Maybe the cosmos is not so extraordinary è una video-scultura che trasforma lo spazio del padiglione in un luogo in cui il pubblico vedrà la storia di cinque ragazzini astronauti che scoprono una sfera cosmica in una fabbrica. Da lì, inizia il loro viaggio, accompagnati da un drone, per trasportare la sfera verso l’obiettivo: nasconderla nel corpo di una montagna. Il titolo dell’opera nasce da una frase del libro di fantascienza On the way to Epsilon Eridani (1983) del fisico e scrittore albanese Arion Hysenbegas, detta da uno dei cinque astronauti protagonisti del libro, durante il percorso verso la stella di Eridano Maybe the cosmos is not so extraordinary. Quando ho letto quella frase mi sono sentito molto vicino a questa espressione: è come se all’improvviso la forza della gravità mi stesse contraendo nello spazio. L’opera nasce in un piccolo paesino del nord est Albania, Bulqize, noto per le sue miniere di cromo che si esporta in diversi paesi del mondo, compresa la Cina. Il cromo è stato e un minerale fondamentale per l’economia albanese, dagli anni Venti a oggi. Lo usiamo ogni giorno nelle nostre posate cromate fino agli allogeni per le costruzioni delle navicelle spaziali. Mi interessava la metafora di questo minerale che si estrae con l’impegno e la sfida di tante persone, per poi espandersi ovunque.

Gli elementi che connotano la sua ricerca – e che affondano soprattutto nel concetto di fallimento e di utopia – come sono articolati in questo progetto?
L’opera fa parte della trilogia Beneath a surface there’s just another surface, che parte dal mio incontro con diverse persone, tutte legate – in un modo o in un altro – al cromo. Nella mia prima precedente trilogia When dreams become necessity (2009-2014), al centro c’ero io con vari tentativi e fallimenti. Ho poi sentito la necessità di lavorare direttamente con altre storie. Le opere filmiche non narrano storie reali, i personaggi interpretano loro stessi nella rappresentazione dei loro medesimi sogni e tentativi. Se penso alle molte opere realizzate negli ultimi dodici anni, trovo un elemento in comune: la forza della gravità che comprendiamo fin da quando siamo bambini, nel momento in cui veniamo avvertiti di stare attenti alle nostre «cadute».

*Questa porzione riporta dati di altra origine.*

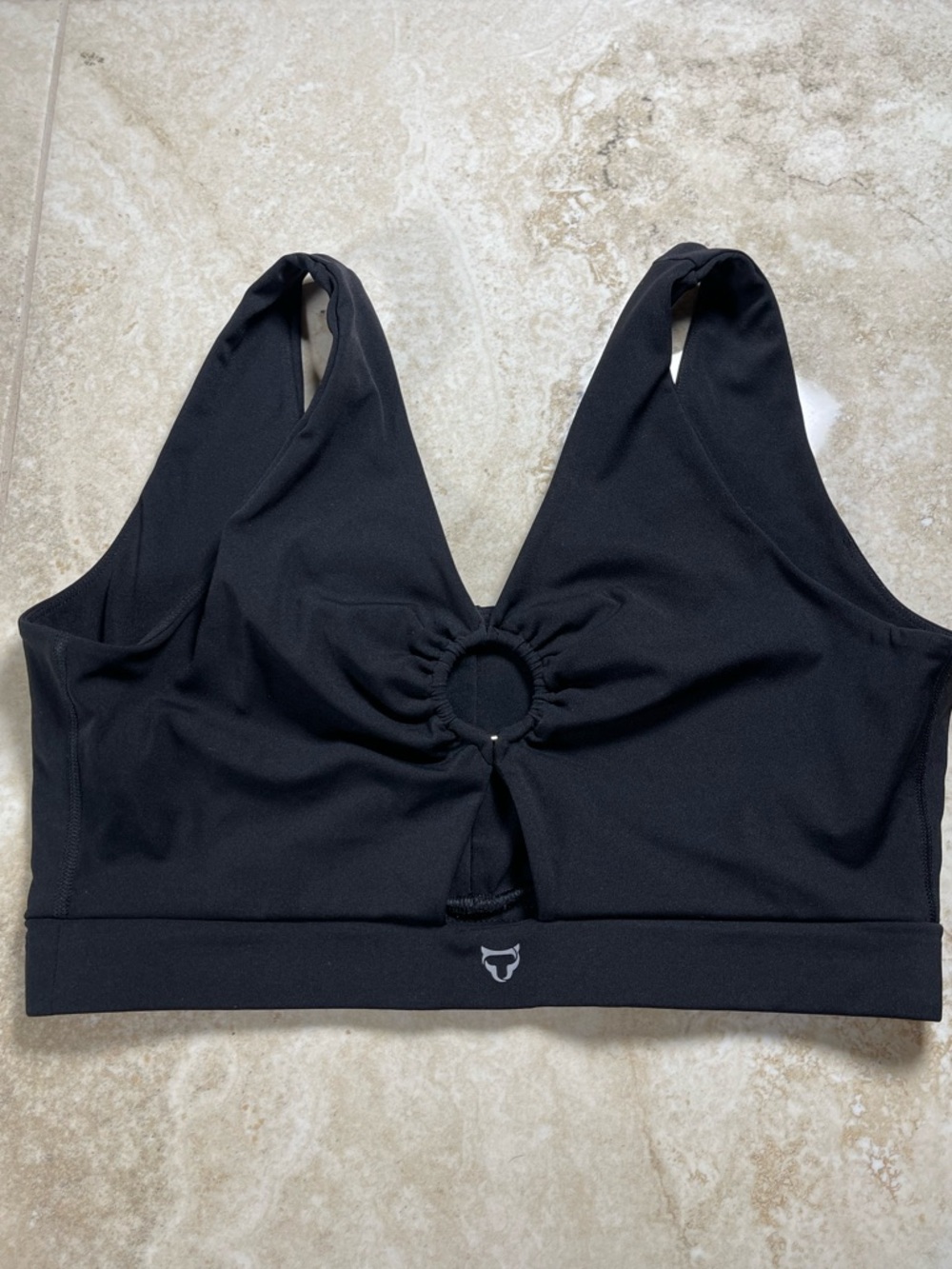 Black Tom Tiger Silver Ring-Detail Sports Bra Supportive Activewear Large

La scelta di vivere tra Milano e Tirana offrono la distanza giusta per osservare e indagare meglio le trasformazioni socio-politiche che avvengono in Albania?
Tirana e Milano sono due città con due storie totalmente diverse che hanno in comune il veloce cambiamento urbanistico e la crescita demografica. Questo le rende molto vibranti e affollate di stimoli. Avere la possibilità di vivere in queste due città è come quando stiamo costruendo un nuovo lavoro e, a un certo punto, è necessario prendere un po’ distanza dall’opera per riuscire a vederla meglio.

Qual è la sfida principale che un artista vive nella rappresentazione di un paese?
Quando il commissario del padiglione albanese e il Ministero della cultura ti affidano il progetto pubblico, sicuramente ti caricano di enormi responsabilità. Penso comunque che la vera sfida nel contesto della Biennale è quella di provare a creare dei ponti e non ulteriori confini.